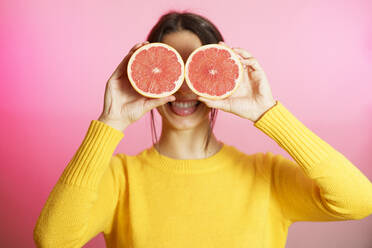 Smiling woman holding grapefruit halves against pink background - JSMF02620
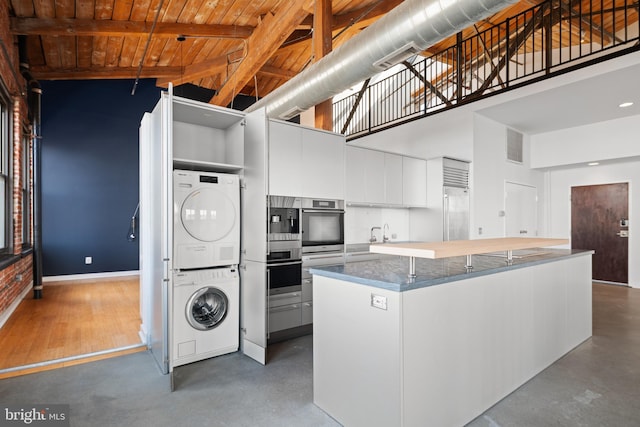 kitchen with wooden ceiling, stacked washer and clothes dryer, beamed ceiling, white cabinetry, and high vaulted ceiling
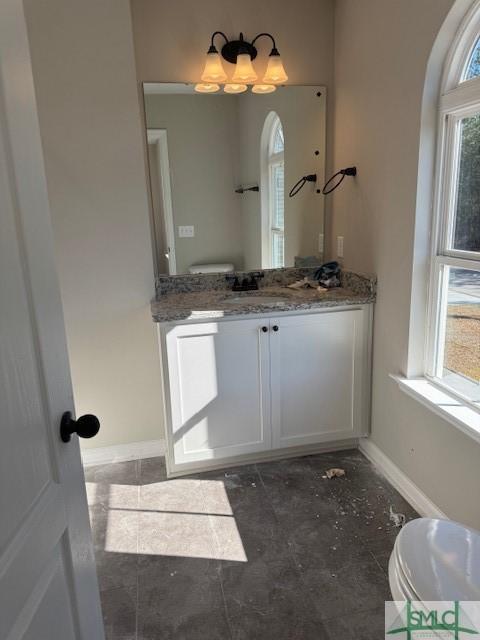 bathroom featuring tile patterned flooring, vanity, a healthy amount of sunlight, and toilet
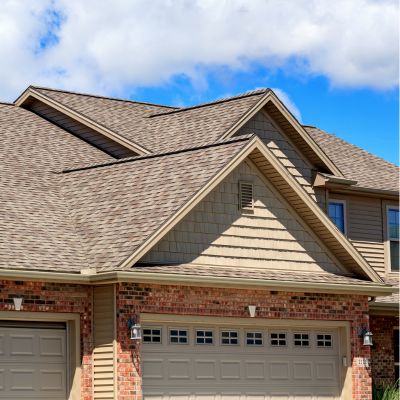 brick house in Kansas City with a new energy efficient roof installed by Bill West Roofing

________________________

• Work instruction:
Reproduce the listing exactly, but omit every picture in it.

• Completed exercise:
 Smiling woman holding grapefruit halves against pink background - JSMF02620
 kitchen with wooden ceiling, stacked washer and clothes dryer, beamed ceiling, white cabinetry, and high vaulted ceiling
 bathroom featuring tile patterned flooring, vanity, a healthy amount of sunlight, and toilet
 brick house in Kansas City with a new energy efficient roof installed by Bill West Roofing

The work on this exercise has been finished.